Review: The Kirtland's Warbler

I just finished reading "The Kirtland's Warbler: The Story of a Bird's Fight Against Extinction and the People Who Saved It" by William Rapai and published by The University of Michigan Press. Normally I don't choose to read books like this because I fear that they will be depressing. I confess that when it comes to certain environmental concerns, I just want to plug my ears, close my eyes, and hope it goes away. I don't think I'm alone in feeling like this, though that train of thought is dangerous. Anyway, Rapai's writing is not depressing at all. The writing was fantastic! A page-turner for a historical narrative. Without shying away from the ugly side of conservation and the controversial issues, this book conveyed a lot of hope for the future of the Kirtland's Warbler. Rapai identifies late and modern day heroes. The history of the Kirtland's Warbler and all the characters around it are simply fascinating. This book is definitely worth the read.

I've been a long-time fan of the Brown-headed Cowbird and even wrote a sonnet in their honor. I wondered why so many birders hated them so much.
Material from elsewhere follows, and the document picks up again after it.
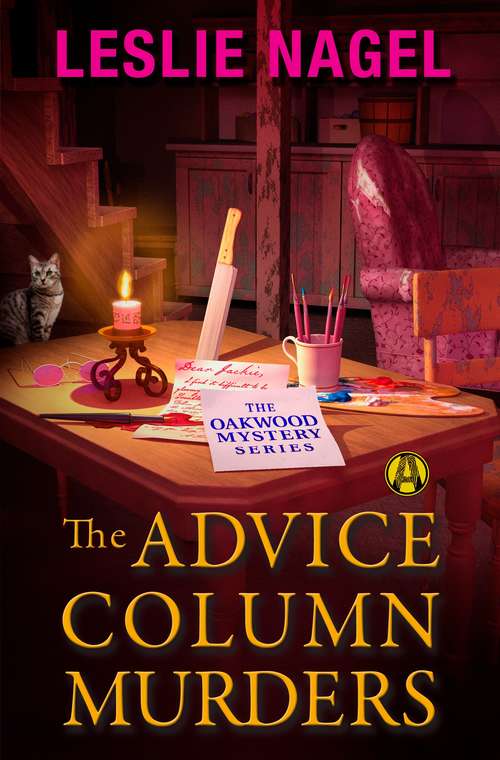 The Advice Column Murders: The Oakwood Mystery Series (Oakwood Mystery #3)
Now, knowing the historical context of the cowbird versus the Kirtland's Warbler, my opinion has been swayed. I can't wait to see my first Kirtland's Warbler and I thank everyone mentioned in the book for their efforts in preserving this unique and awesome species.

This book is listed for $24.95 and is currently available online for $16.73.
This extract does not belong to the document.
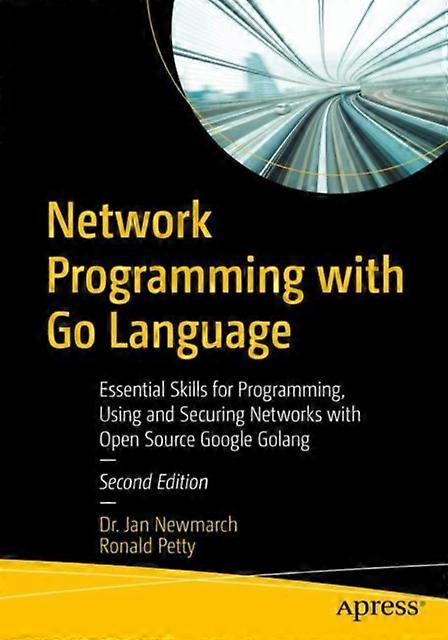 Network Programming With Go Language Essential Skills For Programming Using A - Jan Newmarch - Paperback - en Book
The University of Michigan Press provided me a review copy of this book.


  1. The cowbirds are such a difficult subject. I think they're remarkable birds with a fascinating evolutionary adaptation in reproductive behavior...but they do so much damage. Of course, the ultimate cause of cowbird overpopulation is anthropogenic, as is the case with almost every long-term imbalance.
    I live in Michigan and get to see the cowbird control (which I won't spoil the book by discussing here). It makes you wish the bison were still passing through so the cowbirds could do their thing and roam with the herds.

  2. Thanks for the comment Kirby. That nesting adaptation of the cowbird is impressive, but its sad when it throws the rest of the ecosystem out of balance. Man-caused imbalance is what justifies the man-initiated effort to get back to balance. What a hard chore that must be!

  3. Come on out for Biggest Week next year and I think you just might get a Kirtland's!

    1. Seems like that warbler has been a celebrity a couple of times in recent years at events in that area.

  4. Great review. I share your thoughts on reading books that might throw me into a spiral of doom and gloom. It becomes more difficult everyday to avoid the peril of nature at the hands of man.

  5. I enjoyed your review Robert - wish I'd read it sooner, before yesterday's trip to Barnes and Noble. Now I'll have to make another...

  6. Sounds great. Thanks for the review!